The error is listed as follows
Thanks for the bug report. I just replicated this crash with the 22.3 version after about an hour running with 1x16x1 DMP. There is a message at startup
The preconditioner for the linear solver MIGHT NOT be
very efficient with DMP partitions in the y-axis
but this should not lead to a crash. I will let you know what we find. Can you work around this problem by using a different domain decomposition?
When there is a crash, it is always better to include more details, otherwise it is very time consuming to debug, and you may not get any response. Useful information include (this should already be included in the post draft): Description
Details on how to reproduce the issue. If MFiX crashed or failed, how long does it take?
Attempts to fix the issue
Include what you have tried, what helped and what didn’t help.
Did you?
Select the relevant category (Installation / How to / Bug report / Share)?
Attach project files
Attach zip file generated from main menu> submit bug report.
I see you have modified the code. Does it crash if you use the original code? It often take more effort to write parallel code.
This being said, the error message usually means a particle travelled to fast and cannot be matched across processors. Please try to increase the spring stiffness to see if this helps (this would prevent excessive overlap and thus huge contact forces)

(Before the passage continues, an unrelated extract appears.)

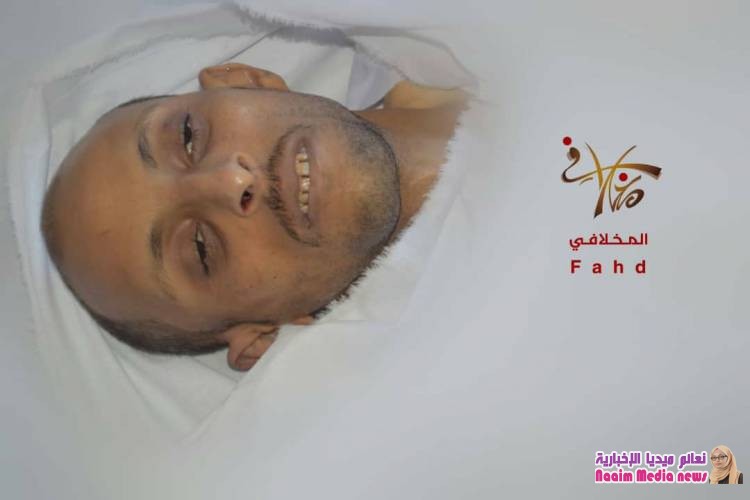 مليشي الحوثي تقتل المدنيين دون رحمه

Thanks for your reply. I have tried different domain decomposition, such as, 1x8x1, 1x4x1, 1x2x1, and 2x4x1.When we use different domain decomposition, the crash takes place with different time. Some cases may continue for 1 days, but eventually the crash occurs.

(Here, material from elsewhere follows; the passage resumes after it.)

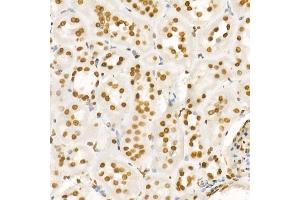 Immunohistochemistry (IHC) image for anti-Histone H4 (acLys8) antibody (ABIN7267747)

Thanks for your reply. Indeed, I have modified the code in two files, calc_force_dem.f and usr3_des.f. We want to realize the particle deletion and insertion. The crash would not occur if we use the original code. I have tried to increase the spring stiffness (1000 to 5000), but it even crash more quickly. I also have tried different domain decomposition. All cases will crash, although the crash time differs. The shortest crash time is about 1 hour, and the longest time is about 1 day. It seems that when the new particle is inserted at some point, the code is easy to crash.
If you are inserting new particles, you need to make sure there is no overlap with any of the existing particles. If there is a large overlap, it will create very large forces and the particle will shoot out of the domain crossing processors. I think this is the source of your issue here.

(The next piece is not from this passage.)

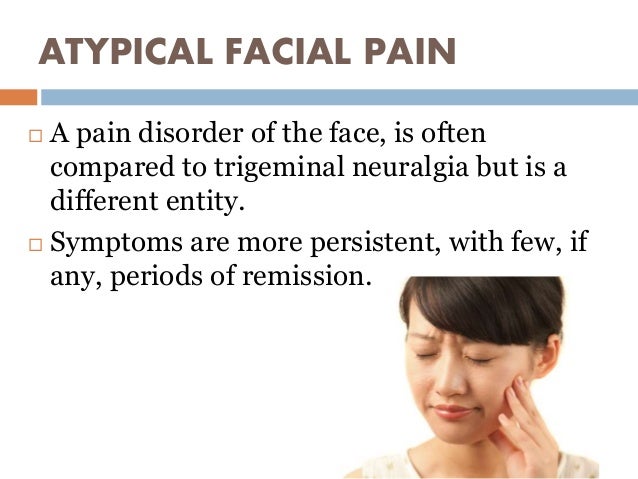 Facial pain syndrome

I have added corresponding code to decrease or freeze the velocity of the new inserting particles, which would not create a large force or high velocity. The different speed limit are also tested. These codes are successfully performed in serial, but it crashes with DMP. The crash time seems to be irregular, one hour or 10 hours being possible.
The modified code is used to realize the particle replacement. That is, one original particle is deleted and then the position is inserted with two new particles. The new particles are within the domain of original particle diameter.